I get it. It's all about the size of the ecosystem and the garbage collector.

Yes, there are great open source implementations. But not even Google could pull off a clean-room reimplementation without encountering unthinkable legal expense.

pvtmert•6mo ago
Call this unpopular opinion (probably gonna get downvoted anyway), but the amount Oracle gets paid because lazy-devs are well, too lazy to read which JVM arguments should they put to their deployment, requiring hand-holding by the Oracle-support team.

I understand in the olden times there were javax.* and JavaEE, but nowadays, especially in the newer JDKs, these are completely gone. Whoever maintains Java 1.6 in their core infrastructure already doomed, regardless of Oracle asking them $$$ or not.

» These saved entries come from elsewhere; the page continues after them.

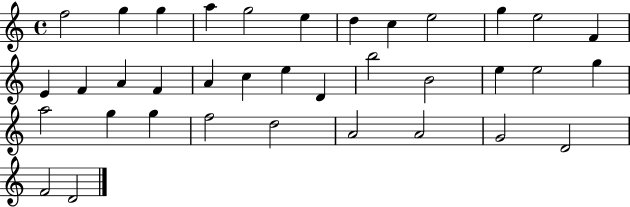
F5/h G5/q G5/q A5/q G5/h E5/q D5/q C5/q E5/h G5/q E5/h F4/q E4/q F4/q A4/q F4/q A4/q C5/q E5/q D4/q B5/h B4/h E5/q E5/h G5/q A5/h G5/q G5/q F5/h D5/h A4/h A4/h G4/h D4/h F4/h D4/h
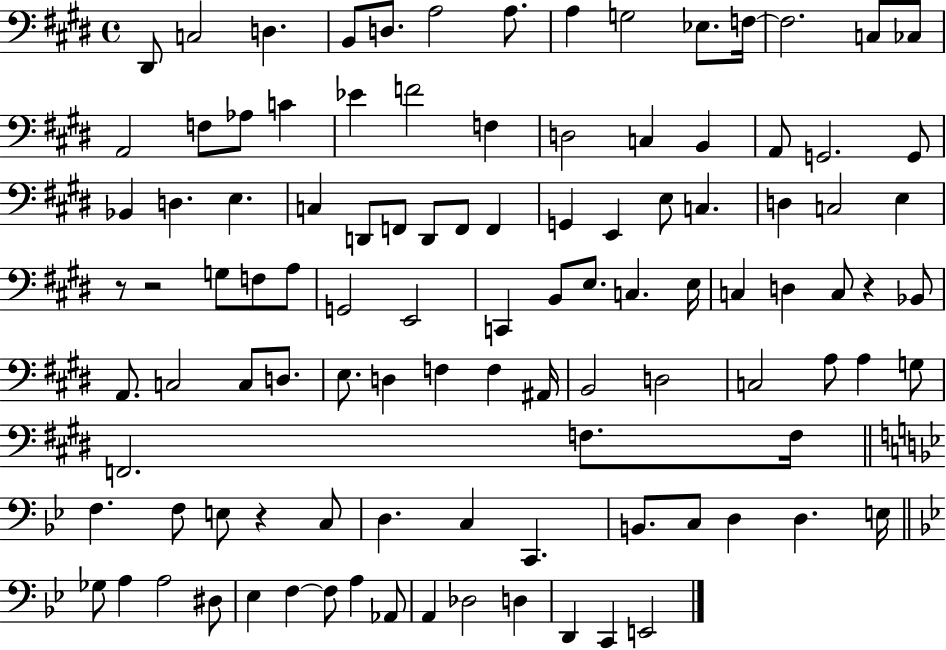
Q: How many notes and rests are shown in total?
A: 106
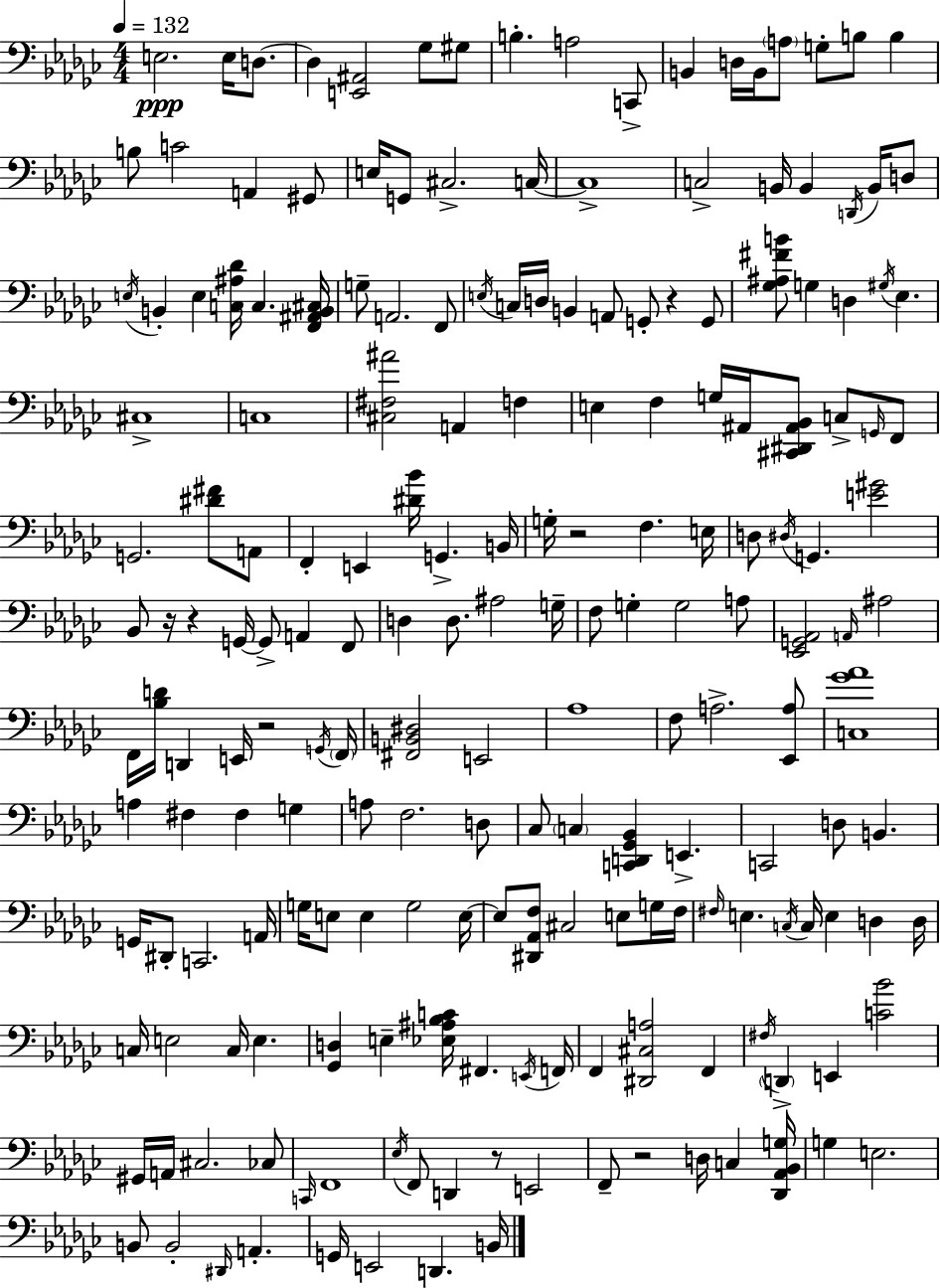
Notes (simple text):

E3/h. E3/s D3/e. D3/q [E2,A#2]/h Gb3/e G#3/e B3/q. A3/h C2/e B2/q D3/s B2/s A3/e G3/e B3/e B3/q B3/e C4/h A2/q G#2/e E3/s G2/e C#3/h. C3/s C3/w C3/h B2/s B2/q D2/s B2/s D3/e E3/s B2/q E3/q [C3,A#3,Db4]/s C3/q. [F2,A#2,B2,C#3]/s G3/e A2/h. F2/e E3/s C3/s D3/s B2/q A2/e G2/e R/q G2/e [Gb3,A#3,F#4,B4]/e G3/q D3/q G#3/s Eb3/q. C#3/w C3/w [C#3,F#3,A#4]/h A2/q F3/q E3/q F3/q G3/s A#2/s [C#2,D#2,A#2,Bb2]/e C3/e G2/s F2/e G2/h. [D#4,F#4]/e A2/e F2/q E2/q [D#4,Bb4]/s G2/q. B2/s G3/s R/h F3/q. E3/s D3/e D#3/s G2/q. [E4,G#4]/h Bb2/e R/s R/q G2/s G2/e A2/q F2/e D3/q D3/e. A#3/h G3/s F3/e G3/q G3/h A3/e [Eb2,G2,Ab2]/h A2/s A#3/h F2/s [Bb3,D4]/s D2/q E2/s R/h G2/s F2/s [F#2,B2,D#3]/h E2/h Ab3/w F3/e A3/h. [Eb2,A3]/e [C3,Gb4,Ab4]/w A3/q F#3/q F#3/q G3/q A3/e F3/h. D3/e CES3/e C3/q [C2,D2,Gb2,Bb2]/q E2/q. C2/h D3/e B2/q. G2/s D#2/e C2/h. A2/s G3/s E3/e E3/q G3/h E3/s E3/e [D#2,Ab2,F3]/e C#3/h E3/e G3/s F3/s F#3/s E3/q. C3/s C3/s E3/q D3/q D3/s C3/s E3/h C3/s E3/q. [Gb2,D3]/q E3/q [Eb3,A#3,Bb3,C4]/s F#2/q. E2/s F2/s F2/q [D#2,C#3,A3]/h F2/q F#3/s D2/q E2/q [C4,Bb4]/h G#2/s A2/s C#3/h. CES3/e C2/s F2/w Eb3/s F2/e D2/q R/e E2/h F2/e R/h D3/s C3/q [Db2,Ab2,Bb2,G3]/s G3/q E3/h. B2/e B2/h D#2/s A2/q. G2/s E2/h D2/q. B2/s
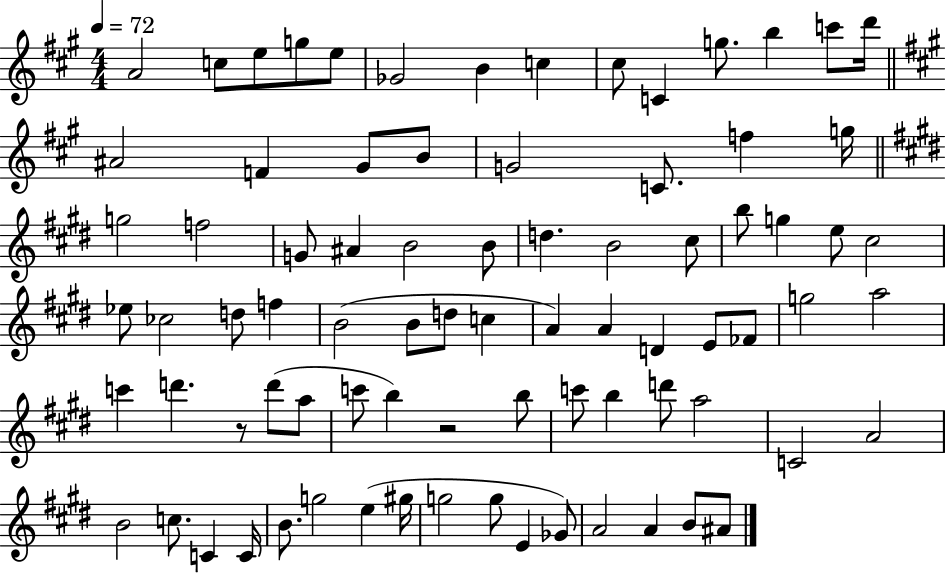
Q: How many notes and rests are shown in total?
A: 81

edit: I know various Java-devs which are "runs on my machine" mindset. As a DevOps engineer, most of the production outages I took care of were avoidable by removing this mindset and actually testing the code in a sandbox environment...

JohnMakin•6mo ago
I've had an ongoing debate with a guy who is supposedly senior java dev of 20+ years that doesn't understand the most basic aspects of concurrency, and codes "worked on my local" style and engages in obnoxious blame games with DevOps and infra teams about how his application works totally fine spinning up 10,000 threads on his 16 core macbook, but for "some reason" craps out in production running on a 1 vcpu allocated container. At least a year of back and forth on this and he doesn't understand why. Wish I was making it up.
DonHopkins•6mo ago
Oracle spoiled the sport of arguing about Java -vs- other programming languages. Now all you have to say to win that argument is "lawnmower".
eadmund•6mo ago
It goes without saying that this is annoying and expensive (over $100,000 for over half the respondents and over $500,000/year for over a quarter!) for those who have been audited, even if they have done nothing wrong.

I am curious what fraction of auditees did do something wrong.

At that sort of expense, it seems like many companies could probably do better to hire a single engineer to contribute to open-source Java and prioritise their needs. Of course, the ever-present temptation would be to lay him off and freeload.